Short descriptive text snippets
BEGIN
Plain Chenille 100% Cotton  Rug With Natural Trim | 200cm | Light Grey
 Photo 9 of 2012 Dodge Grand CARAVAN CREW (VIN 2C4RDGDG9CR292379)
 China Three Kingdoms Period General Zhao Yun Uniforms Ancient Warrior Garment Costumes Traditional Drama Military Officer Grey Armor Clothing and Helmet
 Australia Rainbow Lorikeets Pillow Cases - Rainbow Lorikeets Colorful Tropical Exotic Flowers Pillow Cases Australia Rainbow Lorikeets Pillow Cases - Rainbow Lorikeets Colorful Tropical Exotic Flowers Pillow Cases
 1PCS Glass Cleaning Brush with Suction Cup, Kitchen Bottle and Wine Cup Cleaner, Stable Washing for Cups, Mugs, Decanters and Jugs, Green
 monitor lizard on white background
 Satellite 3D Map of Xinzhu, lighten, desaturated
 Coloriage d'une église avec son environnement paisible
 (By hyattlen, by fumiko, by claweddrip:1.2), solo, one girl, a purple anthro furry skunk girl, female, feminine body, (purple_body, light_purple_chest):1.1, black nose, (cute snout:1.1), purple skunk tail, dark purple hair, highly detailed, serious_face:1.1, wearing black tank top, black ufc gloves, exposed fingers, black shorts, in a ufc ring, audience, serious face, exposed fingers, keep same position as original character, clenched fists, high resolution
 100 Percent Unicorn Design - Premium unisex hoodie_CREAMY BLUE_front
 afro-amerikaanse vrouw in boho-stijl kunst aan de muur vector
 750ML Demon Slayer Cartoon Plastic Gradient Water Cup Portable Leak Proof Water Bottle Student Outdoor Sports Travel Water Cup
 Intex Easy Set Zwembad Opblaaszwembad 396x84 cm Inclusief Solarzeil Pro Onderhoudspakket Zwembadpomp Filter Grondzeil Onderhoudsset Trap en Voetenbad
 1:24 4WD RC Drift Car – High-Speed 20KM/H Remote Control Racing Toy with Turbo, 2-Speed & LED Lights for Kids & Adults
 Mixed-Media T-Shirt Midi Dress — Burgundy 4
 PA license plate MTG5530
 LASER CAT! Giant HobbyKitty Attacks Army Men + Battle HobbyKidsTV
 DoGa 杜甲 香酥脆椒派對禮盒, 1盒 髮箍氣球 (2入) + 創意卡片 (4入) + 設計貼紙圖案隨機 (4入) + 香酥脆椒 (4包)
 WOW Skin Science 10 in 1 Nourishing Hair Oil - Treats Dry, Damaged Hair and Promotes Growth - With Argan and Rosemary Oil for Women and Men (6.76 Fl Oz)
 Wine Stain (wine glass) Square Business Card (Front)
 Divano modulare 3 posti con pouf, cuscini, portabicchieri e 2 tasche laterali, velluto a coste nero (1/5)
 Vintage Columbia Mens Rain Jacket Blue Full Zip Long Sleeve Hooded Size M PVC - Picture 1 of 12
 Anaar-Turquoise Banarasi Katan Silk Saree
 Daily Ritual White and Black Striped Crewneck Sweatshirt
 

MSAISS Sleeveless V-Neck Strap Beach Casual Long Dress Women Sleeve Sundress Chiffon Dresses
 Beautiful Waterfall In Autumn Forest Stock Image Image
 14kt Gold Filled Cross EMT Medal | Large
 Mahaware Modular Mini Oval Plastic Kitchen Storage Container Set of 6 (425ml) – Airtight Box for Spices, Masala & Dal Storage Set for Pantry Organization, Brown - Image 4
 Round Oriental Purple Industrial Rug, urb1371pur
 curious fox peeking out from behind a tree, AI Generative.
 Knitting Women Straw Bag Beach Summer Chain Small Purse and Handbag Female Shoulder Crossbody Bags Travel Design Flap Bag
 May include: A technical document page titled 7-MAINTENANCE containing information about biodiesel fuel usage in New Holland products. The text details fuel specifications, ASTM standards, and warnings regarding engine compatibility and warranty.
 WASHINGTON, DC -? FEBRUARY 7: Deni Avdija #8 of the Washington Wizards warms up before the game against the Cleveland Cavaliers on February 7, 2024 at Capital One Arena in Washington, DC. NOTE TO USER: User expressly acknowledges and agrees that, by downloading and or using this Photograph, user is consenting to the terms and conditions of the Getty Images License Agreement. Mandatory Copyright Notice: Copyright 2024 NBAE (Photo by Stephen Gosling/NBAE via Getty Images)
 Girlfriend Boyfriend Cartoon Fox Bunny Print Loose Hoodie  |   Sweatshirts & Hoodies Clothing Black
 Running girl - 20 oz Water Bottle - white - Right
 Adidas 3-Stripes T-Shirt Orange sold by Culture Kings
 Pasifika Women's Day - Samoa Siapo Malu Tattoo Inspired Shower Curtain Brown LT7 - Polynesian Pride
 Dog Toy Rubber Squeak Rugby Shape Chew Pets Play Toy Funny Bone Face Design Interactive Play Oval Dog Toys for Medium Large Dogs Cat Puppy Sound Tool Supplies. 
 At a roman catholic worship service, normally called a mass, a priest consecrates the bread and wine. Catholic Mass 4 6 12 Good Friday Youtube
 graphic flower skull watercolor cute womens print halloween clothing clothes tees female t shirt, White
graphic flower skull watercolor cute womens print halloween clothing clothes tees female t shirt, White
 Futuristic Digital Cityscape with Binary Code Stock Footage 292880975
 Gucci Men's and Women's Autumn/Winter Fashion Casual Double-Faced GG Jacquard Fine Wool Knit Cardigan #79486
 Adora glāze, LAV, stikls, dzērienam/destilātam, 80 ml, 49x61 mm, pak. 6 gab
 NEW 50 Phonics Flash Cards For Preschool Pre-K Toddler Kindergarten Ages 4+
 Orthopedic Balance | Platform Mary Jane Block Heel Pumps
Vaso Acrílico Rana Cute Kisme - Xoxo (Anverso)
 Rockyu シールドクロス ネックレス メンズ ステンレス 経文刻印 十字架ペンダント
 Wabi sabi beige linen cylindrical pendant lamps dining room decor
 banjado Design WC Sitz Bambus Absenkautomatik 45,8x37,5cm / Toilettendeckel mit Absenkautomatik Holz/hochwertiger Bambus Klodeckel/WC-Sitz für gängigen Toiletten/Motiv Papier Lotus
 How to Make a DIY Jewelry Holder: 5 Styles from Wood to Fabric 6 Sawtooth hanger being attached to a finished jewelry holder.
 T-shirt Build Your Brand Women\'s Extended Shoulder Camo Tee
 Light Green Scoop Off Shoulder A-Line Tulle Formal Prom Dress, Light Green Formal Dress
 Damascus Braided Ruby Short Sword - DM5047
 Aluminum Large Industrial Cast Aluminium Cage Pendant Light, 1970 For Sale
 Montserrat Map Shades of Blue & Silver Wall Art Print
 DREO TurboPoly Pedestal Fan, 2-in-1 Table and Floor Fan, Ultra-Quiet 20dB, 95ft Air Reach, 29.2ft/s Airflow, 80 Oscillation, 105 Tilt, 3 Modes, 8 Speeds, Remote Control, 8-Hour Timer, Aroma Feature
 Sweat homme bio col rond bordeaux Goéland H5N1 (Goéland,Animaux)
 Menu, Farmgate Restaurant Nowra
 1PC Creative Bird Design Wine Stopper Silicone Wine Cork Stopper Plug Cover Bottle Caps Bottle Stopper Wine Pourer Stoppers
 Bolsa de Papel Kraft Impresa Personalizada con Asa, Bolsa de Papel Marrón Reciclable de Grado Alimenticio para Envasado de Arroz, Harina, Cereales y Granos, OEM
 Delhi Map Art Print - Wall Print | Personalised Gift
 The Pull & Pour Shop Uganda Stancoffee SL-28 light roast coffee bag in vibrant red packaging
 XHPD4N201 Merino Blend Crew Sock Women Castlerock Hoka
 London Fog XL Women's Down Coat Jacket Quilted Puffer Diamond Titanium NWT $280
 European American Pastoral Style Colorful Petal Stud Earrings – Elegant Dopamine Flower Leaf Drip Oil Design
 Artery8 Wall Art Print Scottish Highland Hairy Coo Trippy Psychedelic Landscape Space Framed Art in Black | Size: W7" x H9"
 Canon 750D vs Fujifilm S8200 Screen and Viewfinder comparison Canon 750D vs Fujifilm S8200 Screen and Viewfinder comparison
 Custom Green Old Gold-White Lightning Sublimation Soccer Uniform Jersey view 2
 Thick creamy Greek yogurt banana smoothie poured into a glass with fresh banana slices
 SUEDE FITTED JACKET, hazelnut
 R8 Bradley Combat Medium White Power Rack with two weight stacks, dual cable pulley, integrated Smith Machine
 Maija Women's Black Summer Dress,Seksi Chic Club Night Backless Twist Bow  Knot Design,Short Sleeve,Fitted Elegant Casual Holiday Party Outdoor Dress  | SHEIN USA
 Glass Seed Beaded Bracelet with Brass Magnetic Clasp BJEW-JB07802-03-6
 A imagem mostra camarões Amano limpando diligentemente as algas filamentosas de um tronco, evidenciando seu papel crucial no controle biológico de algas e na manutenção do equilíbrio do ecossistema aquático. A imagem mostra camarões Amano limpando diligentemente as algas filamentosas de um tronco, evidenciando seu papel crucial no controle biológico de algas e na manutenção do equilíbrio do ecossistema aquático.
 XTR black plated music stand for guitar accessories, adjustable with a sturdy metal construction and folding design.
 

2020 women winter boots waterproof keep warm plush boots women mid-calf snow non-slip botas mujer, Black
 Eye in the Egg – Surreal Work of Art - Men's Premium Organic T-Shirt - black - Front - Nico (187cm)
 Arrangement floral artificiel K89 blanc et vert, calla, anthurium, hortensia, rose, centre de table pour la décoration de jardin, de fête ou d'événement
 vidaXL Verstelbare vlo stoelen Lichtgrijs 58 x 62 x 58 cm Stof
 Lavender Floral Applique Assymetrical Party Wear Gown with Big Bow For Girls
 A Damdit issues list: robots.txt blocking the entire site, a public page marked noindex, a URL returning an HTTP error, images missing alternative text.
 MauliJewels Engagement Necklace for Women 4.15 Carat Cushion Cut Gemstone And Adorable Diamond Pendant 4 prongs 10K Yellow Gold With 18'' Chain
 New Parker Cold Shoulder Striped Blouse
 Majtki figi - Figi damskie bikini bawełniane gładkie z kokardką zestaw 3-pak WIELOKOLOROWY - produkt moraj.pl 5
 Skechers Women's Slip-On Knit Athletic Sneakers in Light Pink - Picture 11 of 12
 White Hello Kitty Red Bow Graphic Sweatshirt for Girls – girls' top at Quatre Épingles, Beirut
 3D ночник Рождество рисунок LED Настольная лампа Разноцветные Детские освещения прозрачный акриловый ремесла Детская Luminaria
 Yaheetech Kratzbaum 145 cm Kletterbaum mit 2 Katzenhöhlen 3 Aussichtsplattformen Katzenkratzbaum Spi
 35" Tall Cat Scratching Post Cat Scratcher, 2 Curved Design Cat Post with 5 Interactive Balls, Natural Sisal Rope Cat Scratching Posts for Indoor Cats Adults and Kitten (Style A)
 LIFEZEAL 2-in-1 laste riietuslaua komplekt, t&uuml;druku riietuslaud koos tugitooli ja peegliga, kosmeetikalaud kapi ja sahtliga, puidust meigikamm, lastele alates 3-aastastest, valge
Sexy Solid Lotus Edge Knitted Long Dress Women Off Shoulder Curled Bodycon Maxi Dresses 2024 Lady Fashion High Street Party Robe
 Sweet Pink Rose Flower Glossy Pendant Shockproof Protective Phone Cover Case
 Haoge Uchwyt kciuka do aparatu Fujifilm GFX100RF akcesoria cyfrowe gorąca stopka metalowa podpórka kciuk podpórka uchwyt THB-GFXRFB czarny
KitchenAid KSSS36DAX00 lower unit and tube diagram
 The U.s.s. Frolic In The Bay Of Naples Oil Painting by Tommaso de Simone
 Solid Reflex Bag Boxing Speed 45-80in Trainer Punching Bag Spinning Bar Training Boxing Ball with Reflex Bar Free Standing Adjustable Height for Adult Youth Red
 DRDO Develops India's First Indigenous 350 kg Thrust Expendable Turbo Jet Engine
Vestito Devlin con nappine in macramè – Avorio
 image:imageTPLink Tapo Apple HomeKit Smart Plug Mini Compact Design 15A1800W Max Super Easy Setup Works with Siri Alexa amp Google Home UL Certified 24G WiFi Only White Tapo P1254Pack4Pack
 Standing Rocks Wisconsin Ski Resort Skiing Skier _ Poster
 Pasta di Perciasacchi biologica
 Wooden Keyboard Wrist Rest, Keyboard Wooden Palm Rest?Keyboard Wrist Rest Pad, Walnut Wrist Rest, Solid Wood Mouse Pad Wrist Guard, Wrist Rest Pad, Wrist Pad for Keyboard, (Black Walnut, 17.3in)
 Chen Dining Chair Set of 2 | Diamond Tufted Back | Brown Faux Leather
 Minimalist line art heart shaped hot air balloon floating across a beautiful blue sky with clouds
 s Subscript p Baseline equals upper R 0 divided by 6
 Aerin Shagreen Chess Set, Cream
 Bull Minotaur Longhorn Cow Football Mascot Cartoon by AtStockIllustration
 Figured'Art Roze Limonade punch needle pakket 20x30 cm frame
END
When a line above contains the string "Casual", copy that line.

TASK RESULT —
MSAISS Sleeveless V-Neck Strap Beach Casual Long Dress Women Sleeve Sundress Chiffon Dresses
 Gucci Men's and Women's Autumn/Winter Fashion Casual Double-Faced GG Jacquard Fine Wool Knit Cardigan #79486
 Maija Women's Black Summer Dress,Seksi Chic Club Night Backless Twist Bow  Knot Design,Short Sleeve,Fitted Elegant Casual Holiday Party Outdoor Dress  | SHEIN USA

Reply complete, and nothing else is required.